September 19, 2022 12:01 AM ET
By: AnalysisWatch
The USD/JPY pair is witnessing a bouncy market structure as investors have been sidelined ahead of the Federal Reserve (Fed) and Bank of Japan (BOJ) monetary policies. The cross is hovering around 143.00 and a loss of upward momentum is visible. Therefore, the critical support of 142.50 will remain in action.

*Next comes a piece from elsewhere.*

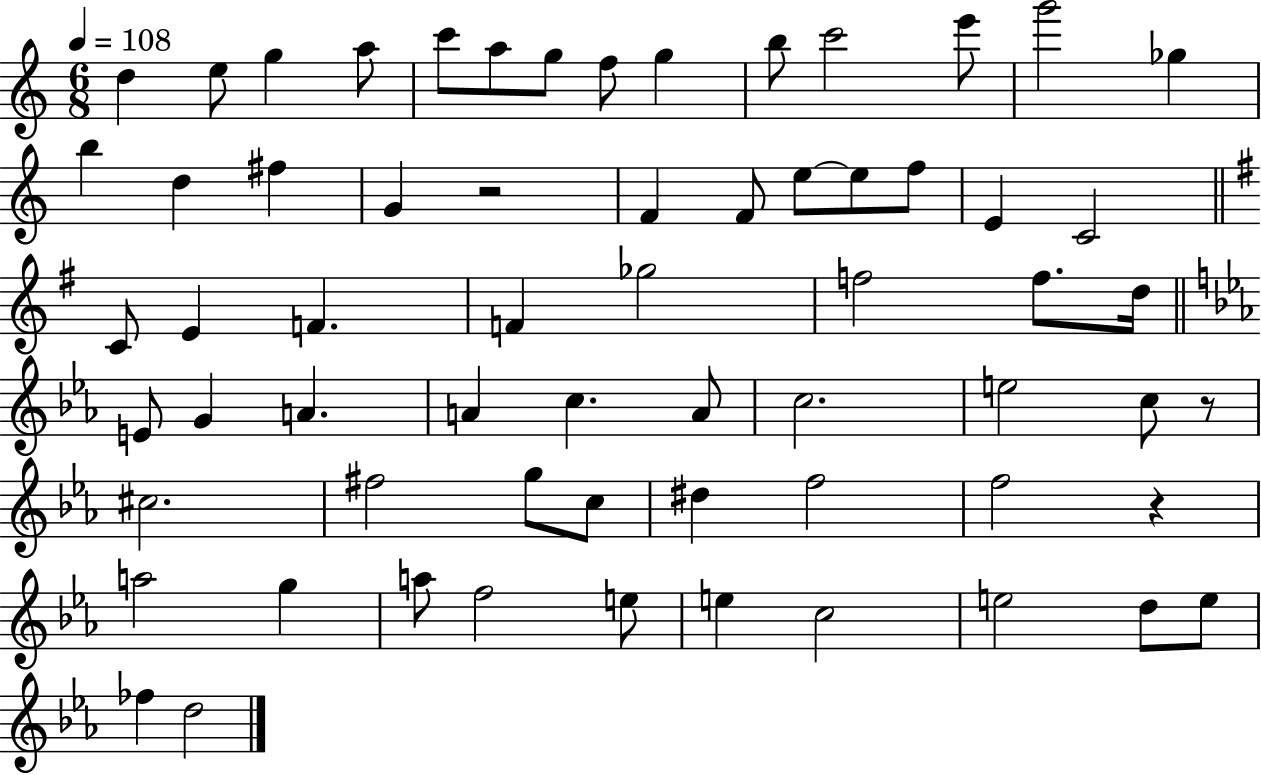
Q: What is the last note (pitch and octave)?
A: D5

The U.S. Dollar Index (DXY) defended its downward direction after feeling buying interest around 109.50 during the Tokyo session. Investors have begun to pump money into the DXY as the chances of a rate hike by the Fed increase. The Fed is expected to announce a third consecutive 75 basis point (bps) rate hike as price pressures are needed to set it sooner.
A review of past events indicates that the core consumer price index (CPI) is not responding well to the current pace of rate hikes. Therefore, the Fed could either announce more quantitative tools to resolve the inflationary chaos or further accelerate the pace by announcing a 100 basis point rate hike.

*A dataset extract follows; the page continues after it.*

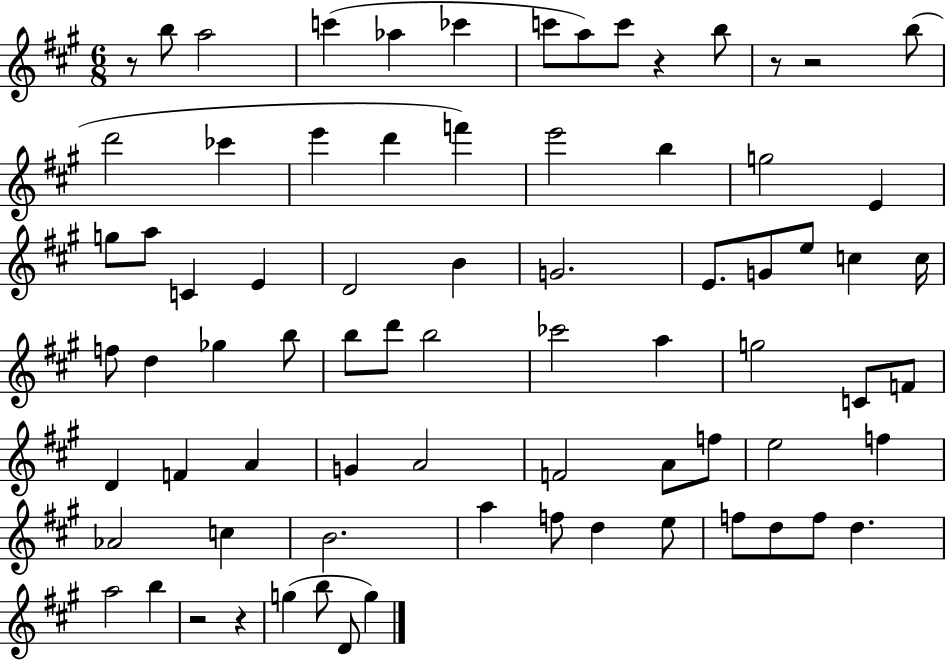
R/e B5/e A5/h C6/q Ab5/q CES6/q C6/e A5/e C6/e R/q B5/e R/e R/h B5/e D6/h CES6/q E6/q D6/q F6/q E6/h B5/q G5/h E4/q G5/e A5/e C4/q E4/q D4/h B4/q G4/h. E4/e. G4/e E5/e C5/q C5/s F5/e D5/q Gb5/q B5/e B5/e D6/e B5/h CES6/h A5/q G5/h C4/e F4/e D4/q F4/q A4/q G4/q A4/h F4/h A4/e F5/e E5/h F5/q Ab4/h C5/q B4/h. A5/q F5/e D5/q E5/e F5/e D5/e F5/e D5/q. A5/h B5/q R/h R/q G5/q B5/e D4/e G5/q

At the same time, the risk profile is worsening as US President Joe Biden warned that the US military would defend Taiwan if China strikes.
On the Tokyo front, BOJ policymakers are expected to end the yen's prolonged ultra-loose monetary policy to protect it from further depreciation. A "neutral" approach is expected from BOJ policymakers and no new stimulus package will be announced. Japanese officials are already concerned about the depreciation of the yen and are preparing to intervene in the foreign exchange markets. Therefore, a neutral approach is expected.